The authors followed Option 1 perfectly. They, with their DiaSorin Liaison assay, participate in DEQAS. The master equation was developed from the DEQAS results for the five samples submitted shortly after re-measuring all 206 samples with their assay. Moreover, rather than re-measuring a statistically defined subsample, of all the samples, Jakab et al. re-measured all the samples from the data set. We have found that the minimal number of samples to be re-measured is approximately 100–150 [5, 6]. In light of those results, re-measuring all the samples was a reasonable decision.
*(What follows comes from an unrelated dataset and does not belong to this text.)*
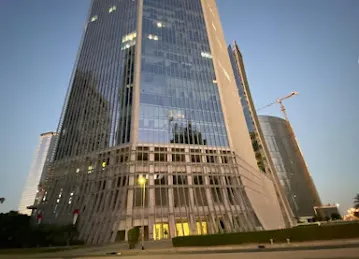 Unlimited Petrochemical Trading Company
So, why the editorial? The reason for this editorial is to update Option 1 based on our experience which suggests that five samples may not be enough. If the results from the plot used to develop the Master Equation are linear, as they appear to be from the HunMen study, then five samples may be sufficient. The problem is that the Master Equation may not be linear. We have found using Option 2 that it is often the case that the performance characteristics of the laboratory’s assay change at some point over the concentration range. In that case, the Master Equation can be characterized being a piecewise regression model where the two lines intersect at the point where the performance characteristics change [57]. The departures from linearity vary from the very subtle to the quite dramatic. The point of intersection in published research has varied from 49 to 121 nmol/L or indeed at any point over much of the 25OHD distribution.
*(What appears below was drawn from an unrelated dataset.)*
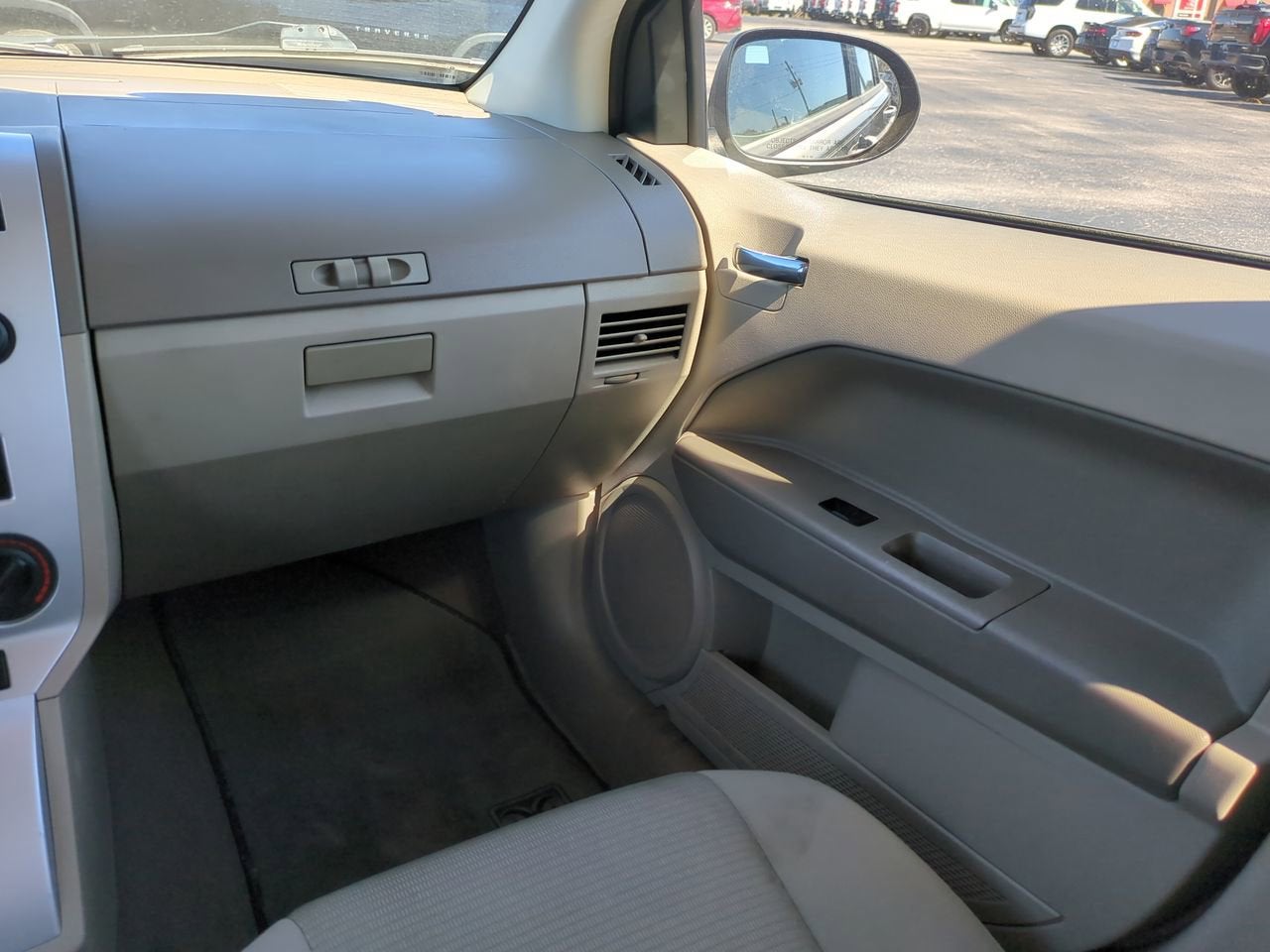 2007 Dodge Caliber R/T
An essential question is whether departures from linearity can be detected with only 5 DEQAS samples as the basis for developing a Master Equation in Option 1? Our fear is that many times the departures from linearity will be missed when the Master Equation has a foundation of only five samples. Then how many samples should be used? Ideally at least 100 samples, but we know that to be impractical so as a compromise we suggest that no fewer than 40 samples (2 years of DEQAS distributions) be used in developing the Master Equation [8]. These 40 samples are in addition to the re-measurement of a statistically defined subsample or, as Jakab et al. did, re-measurement of all the stored study samples. DEQAS participants can use samples from previous distributions and/or purchase additional samples from the DEQAS archive. These are also available to non-participants in DEQAS. This is just another excellent reason for all research and clinical laboratories to participate in DEQAS or the other accuracy-based performance testing (PT) program conducted by the College of American Pathologists (CAP), i.e., Accuracy-based Vitamin D (ABVD) Survey.

In conclusion, the paper by Drs. Jakab et al. is a major advance in promoting the standardization of completed studies. Suggesting the use of DEQAS samples to develop the Master Equation for VDSP Option 1 was a master stroke.